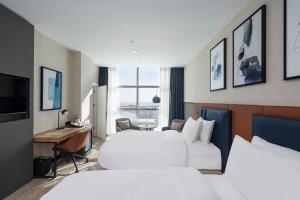 a hotel room with two beds and a desk at Crowne Plaza Istanbul West-Beylikduzu By IHG in Istanbul +201 photos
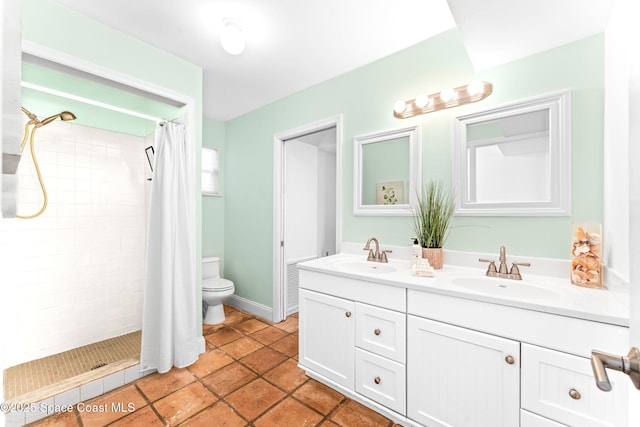 bathroom with vanity, a shower with curtain, and toilet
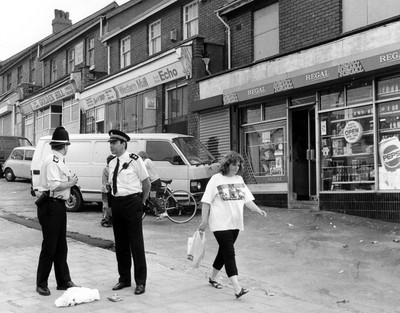 010991 - Picture shows police on the streets of Ely, Cardiff after the earlier riots in the area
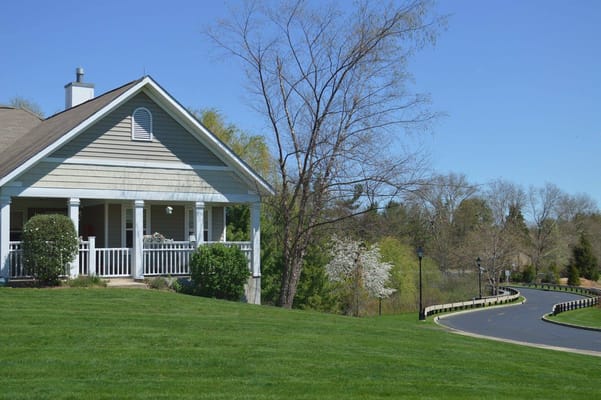 Beautiful exterior of a building at Fellowship Village with surrounding greenery.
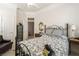 Inviting bedroom features a wrought iron bed frame and stylish black and white patterns at 277 Dark Forest Ave, Las Vegas, NV 89123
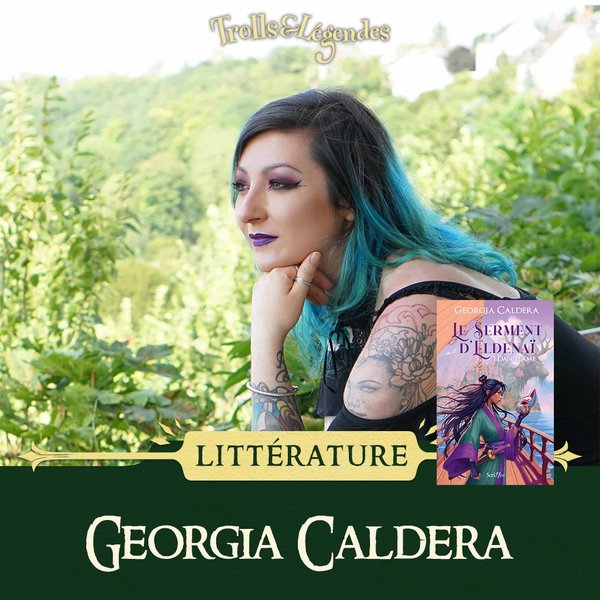 Georgia Caldera - Femme avec des cheveux colorés et un livre en présentation, entourée de verdure.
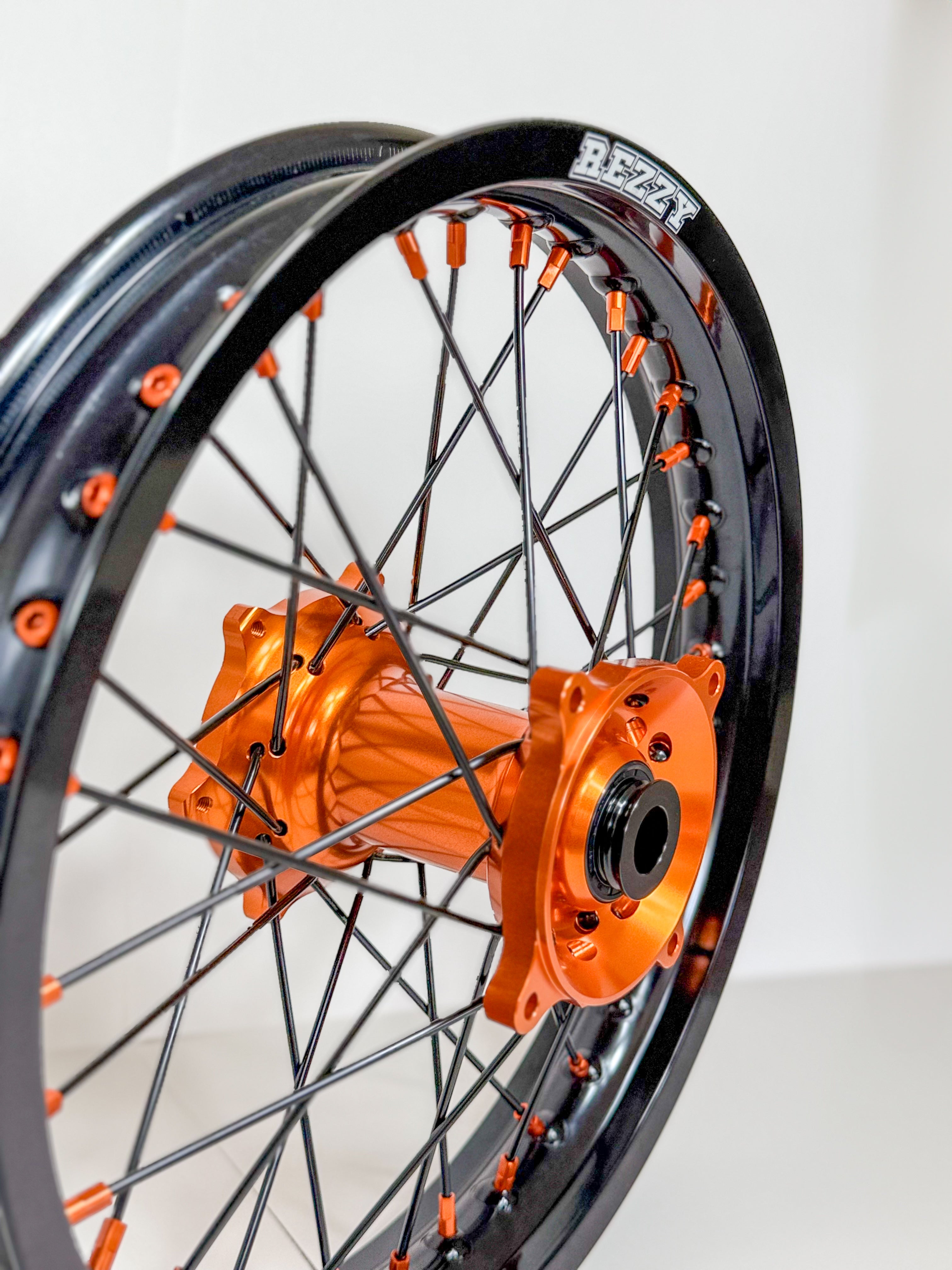 Rezzy Racing Wheel Set – Orange Hubs, Black Hubs and Orange Nipples 19x16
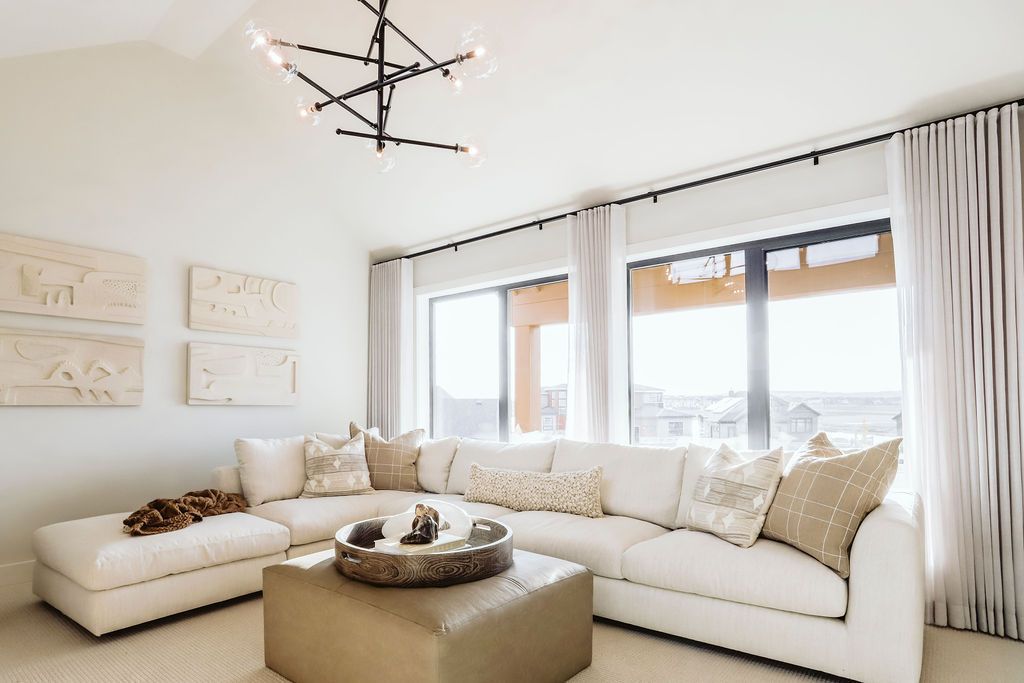 A living room with a large sectional couch and a coffee table.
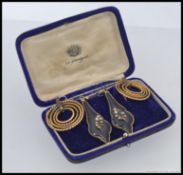 A pair of Victorian ladies mourning earrings having Forget-me-not flowers with inset stones.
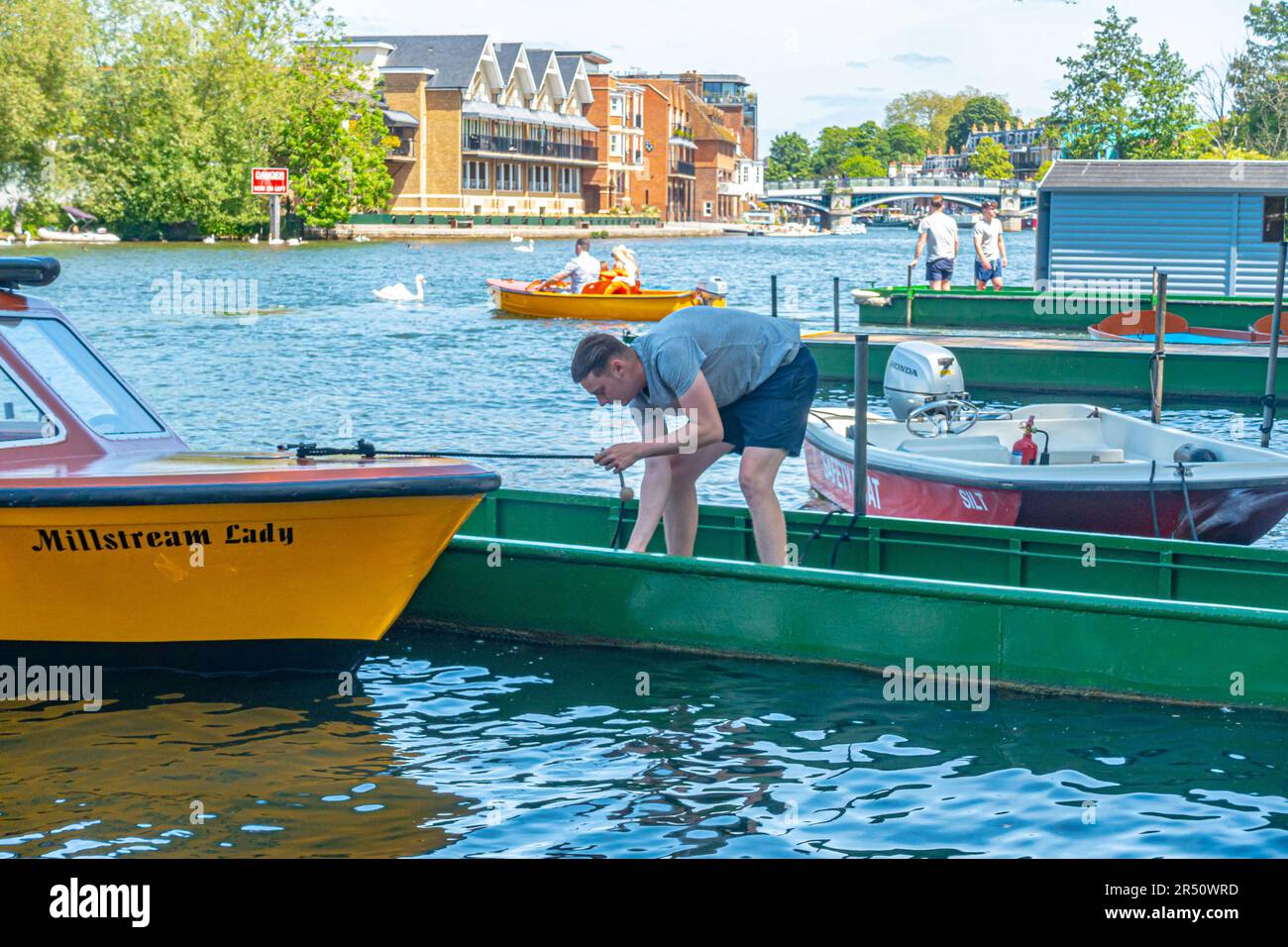 A man ties up a hire boat in The River Thames at Windsor in Berkshire, UK Stock Photo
-=-=-
■ Work required: Repeat, word for word and with no pictures, only the lines running from the beginning of the data to the line that contains "Inviting bedroom features".

■ Problem solution:
 a hotel room with two beds and a desk at Crowne Plaza Istanbul West-Beylikduzu By IHG in Istanbul +201 photos
 bathroom with vanity, a shower with curtain, and toilet
 010991 - Picture shows police on the streets of Ely, Cardiff after the earlier riots in the area
 Beautiful exterior of a building at Fellowship Village with surrounding greenery.
 Inviting bedroom features a wrought iron bed frame and stylish black and white patterns at 277 Dark Forest Ave, Las Vegas, NV 89123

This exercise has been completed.